Siempre he creído que las cosas que ocurren nunca pasan porque sí, sino que todo lo que se va
viviendo en diferentes trayectos, al final siempre tiene un para qué. Un sentido.
Y eso es lo que encontré cuando finalicé un trayecto poco claro, turbio y en el que no veía luz por ningún sitio: sentido. Pero no cualquier sentido sino en toda su expansión, el sentido de vivir.
El maltrato es doloroso. Es como si te golpeasen el alma una y otra vez. Como si te agujereasen tanto por dentro que sintieras el cuerpo partirse en dos. Te duelen los poros de la piel. Te duele respirar.

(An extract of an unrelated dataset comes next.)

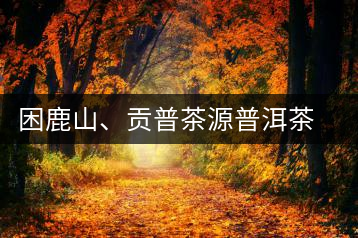 困鹿山、貢普茶源普洱茶羊城受熱捧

Te duele vivir.
Te planteas una y otra vez por qué a ti, qué hiciste mal o simplemente, qué no hiciste.
Pero en todo ese trayecto, supe que de alguna manera (aunque intuía que no fácil), volvería a encontrar luz. Luz necesaria no sólo para alumbrar mi camino, sino para intentar alumbrar el de aquellas personas que, al igual que yo, saben lo que es estar al borde de caerse al abismo y no
encontrar por ningún sitio "esa linterna vital".
Cuando estuve en el suelo y me levanté, fue cuando comencé a entender que lo que había vivido, sería un regalo de alguna manera. (Aunque no pudiera comprenderlo en ese momento). Porque eso me daría la clave no sólo para mantener luz dentro de mí, sino para poder crearla siempre que como aquella vez, me vuelva a encontrar cara a cara con la oscuridad, y nos miremos a los ojos tan
directamente como si de echar un pulso se tratara.
Y así ha sido.
Cuando echo la vista atrás, pienso: "Es cierto. Ha sido un completo y total regalo porque sin ello, y sin todo lo que generó en mí, no habría sido CONSCIENTE. Nunca me habría conocido. Nunca habría sabido lo que alberga un ser humano. Nunca habría sabido lo que es la vida de verdad".
Todos los días vivimos viendo lo que tenemos, lo que hemos construido. Lo que somos. Pero un buen día, puedes ver tambalear todos los cimientos, todos los valores que te han enseñado, todo lo que consideras que debería ser y no es, todo lo que crees obvio, todo lo que ha ido forjando tu sistema
vital, todo lo que eres...
Y de golpe, en milésimas de tiempo, todo eso se derriba.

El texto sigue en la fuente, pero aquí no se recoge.